▽

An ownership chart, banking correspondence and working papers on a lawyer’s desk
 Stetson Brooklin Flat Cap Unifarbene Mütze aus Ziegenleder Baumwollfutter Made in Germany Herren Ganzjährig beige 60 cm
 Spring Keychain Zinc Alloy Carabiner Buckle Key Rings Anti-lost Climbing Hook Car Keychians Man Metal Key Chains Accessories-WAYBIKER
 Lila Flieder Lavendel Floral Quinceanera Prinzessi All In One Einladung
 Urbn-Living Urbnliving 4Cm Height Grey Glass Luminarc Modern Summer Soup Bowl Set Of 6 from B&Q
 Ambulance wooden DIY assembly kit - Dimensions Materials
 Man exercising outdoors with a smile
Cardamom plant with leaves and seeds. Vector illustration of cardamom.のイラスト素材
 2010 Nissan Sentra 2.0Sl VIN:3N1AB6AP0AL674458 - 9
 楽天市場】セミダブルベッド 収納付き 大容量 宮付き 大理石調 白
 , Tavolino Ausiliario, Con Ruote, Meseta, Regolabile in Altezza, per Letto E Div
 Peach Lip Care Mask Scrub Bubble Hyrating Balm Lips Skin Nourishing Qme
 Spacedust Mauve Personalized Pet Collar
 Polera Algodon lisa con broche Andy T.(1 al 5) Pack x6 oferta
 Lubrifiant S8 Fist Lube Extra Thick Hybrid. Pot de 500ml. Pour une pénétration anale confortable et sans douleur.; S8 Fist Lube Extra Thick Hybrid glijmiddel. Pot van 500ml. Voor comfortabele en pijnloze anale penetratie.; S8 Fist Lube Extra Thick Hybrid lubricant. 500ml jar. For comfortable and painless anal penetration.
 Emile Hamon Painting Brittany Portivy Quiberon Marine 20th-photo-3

△

The task: Each line that includes the string "with" should be copied from the data.

Written solution:
 Man exercising outdoors with a smile
Cardamom plant with leaves and seeds. Vector illustration of cardamom.のイラスト素材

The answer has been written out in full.